Pictures left aside, return the lines below exactly, from the one with "Aluminium Extrusion for Heating Radiator" to the end, including both ends.
DATA EXTRACTS below:
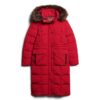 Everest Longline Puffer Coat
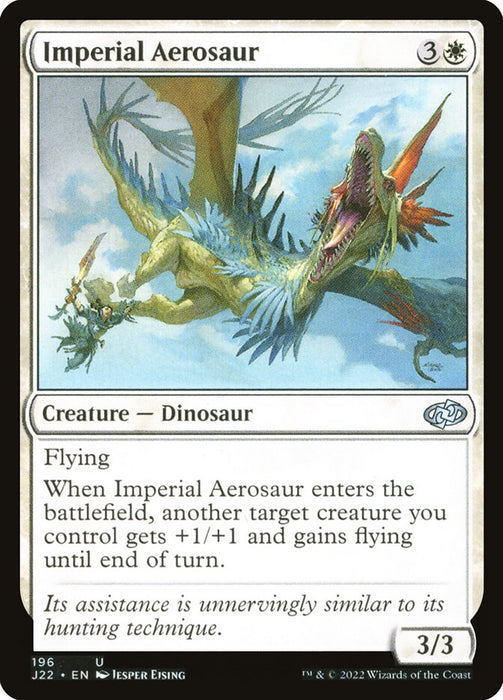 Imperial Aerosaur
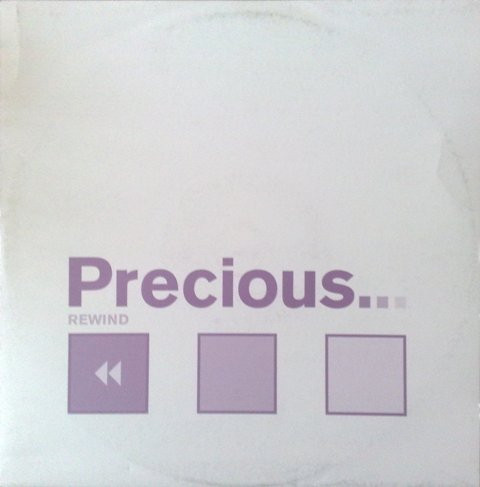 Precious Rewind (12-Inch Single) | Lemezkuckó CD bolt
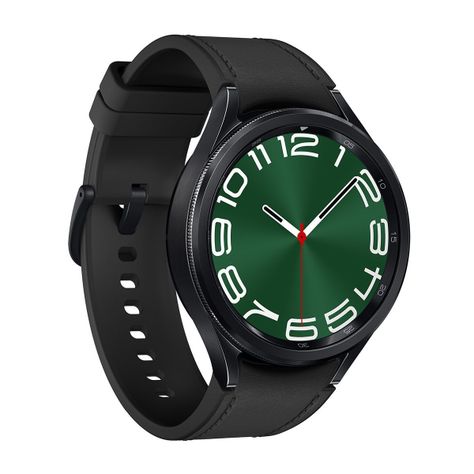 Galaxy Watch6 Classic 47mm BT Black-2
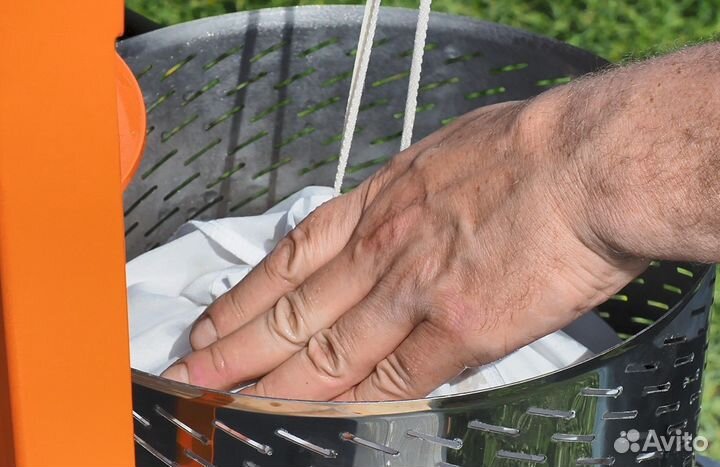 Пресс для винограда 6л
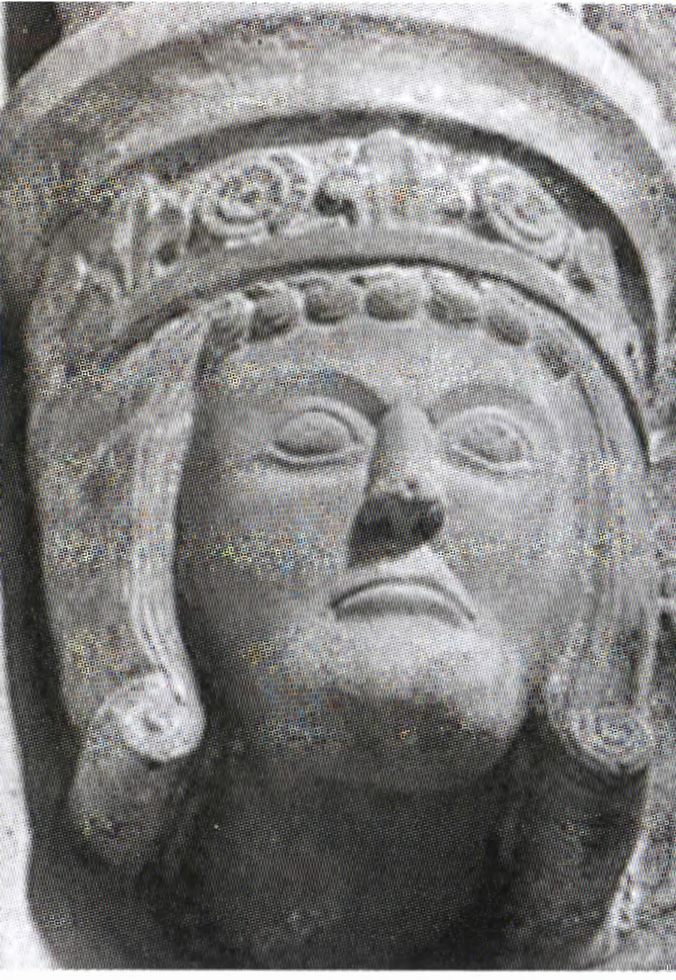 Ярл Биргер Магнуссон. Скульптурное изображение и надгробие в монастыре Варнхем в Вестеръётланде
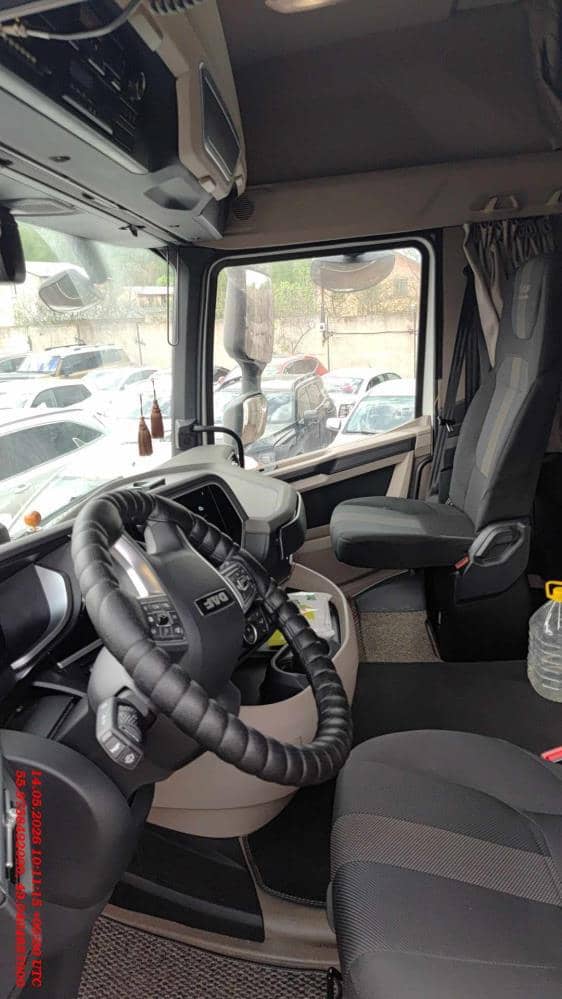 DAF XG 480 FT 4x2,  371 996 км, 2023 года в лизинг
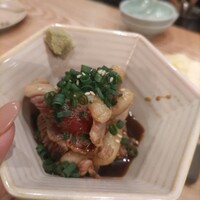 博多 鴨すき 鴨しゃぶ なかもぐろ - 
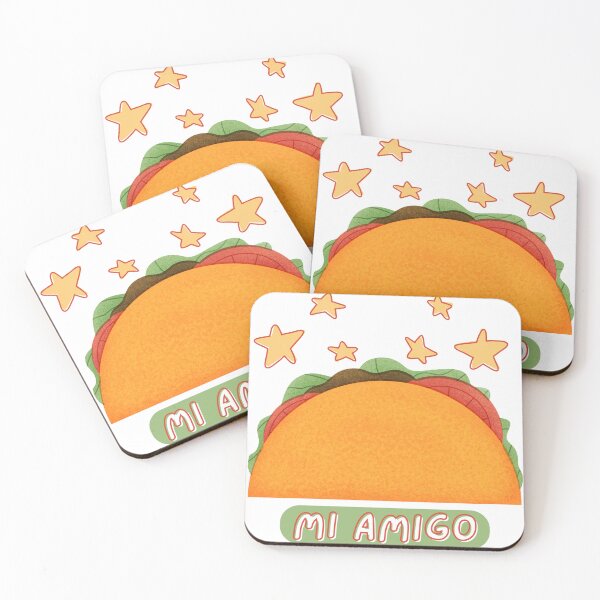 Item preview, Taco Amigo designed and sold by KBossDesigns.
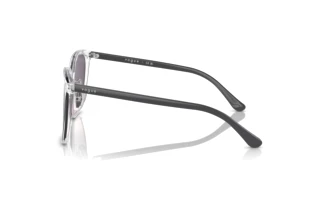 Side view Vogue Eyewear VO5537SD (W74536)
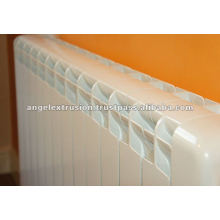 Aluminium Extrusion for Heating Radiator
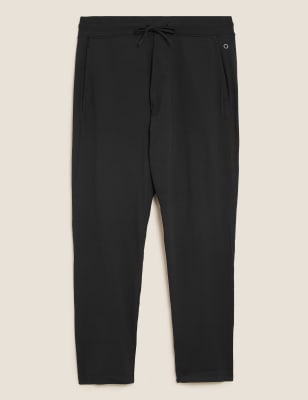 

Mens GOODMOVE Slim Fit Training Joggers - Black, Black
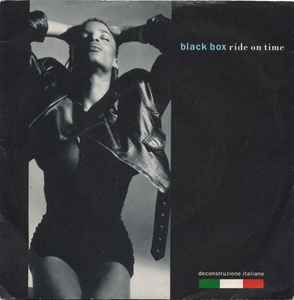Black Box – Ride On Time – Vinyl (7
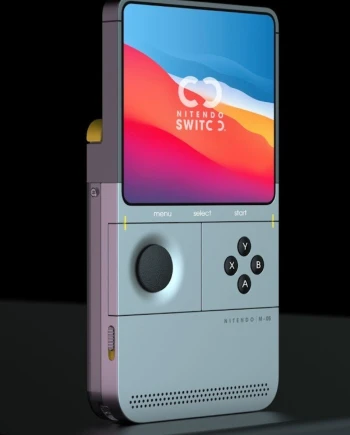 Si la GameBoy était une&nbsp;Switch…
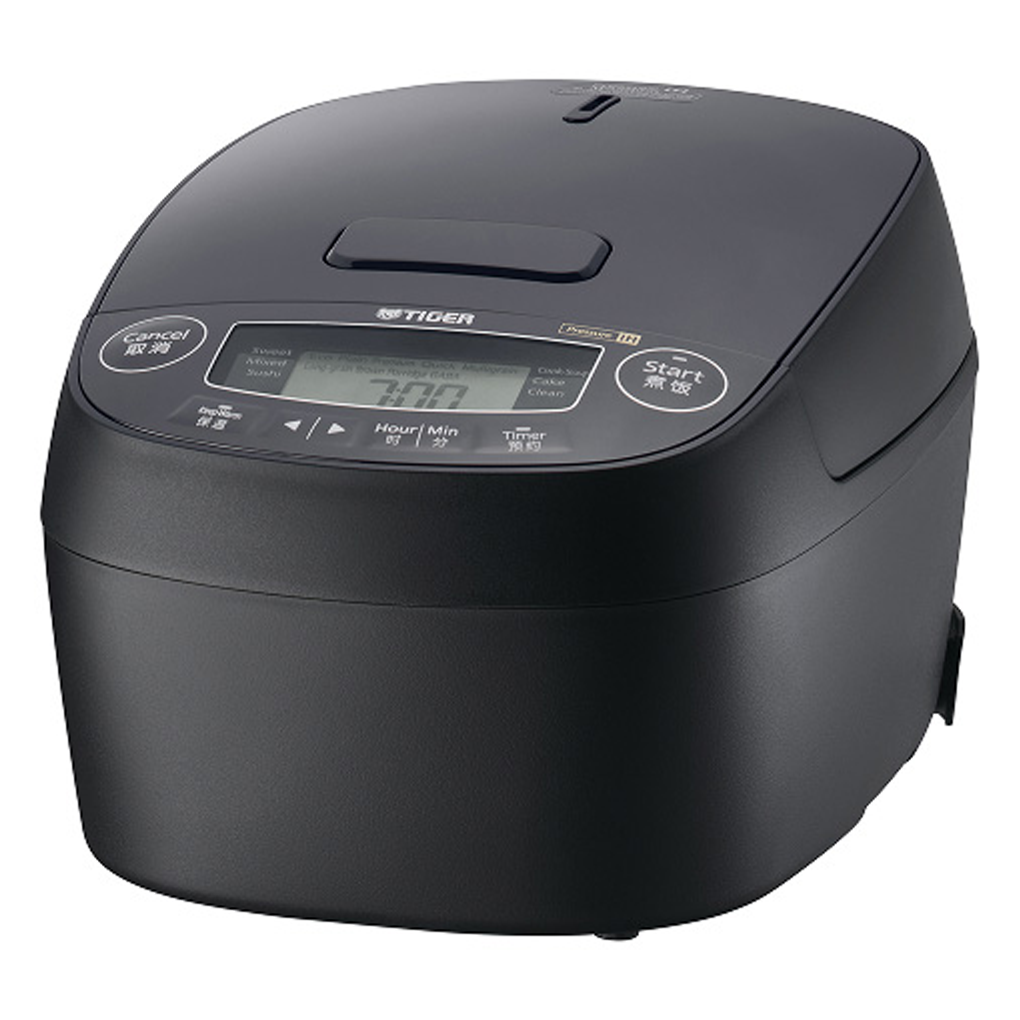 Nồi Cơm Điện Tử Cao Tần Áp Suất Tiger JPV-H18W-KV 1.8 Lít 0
End of DATA EXTRACTS.
> **ANSWER BOX**
 Aluminium Extrusion for Heating Radiator

Mens GOODMOVE Slim Fit Training Joggers - Black, Black
Black Box – Ride On Time – Vinyl (7
 Si la GameBoy était une&nbsp;Switch…
 Nồi Cơm Điện Tử Cao Tần Áp Suất Tiger JPV-H18W-KV 1.8 Lít 0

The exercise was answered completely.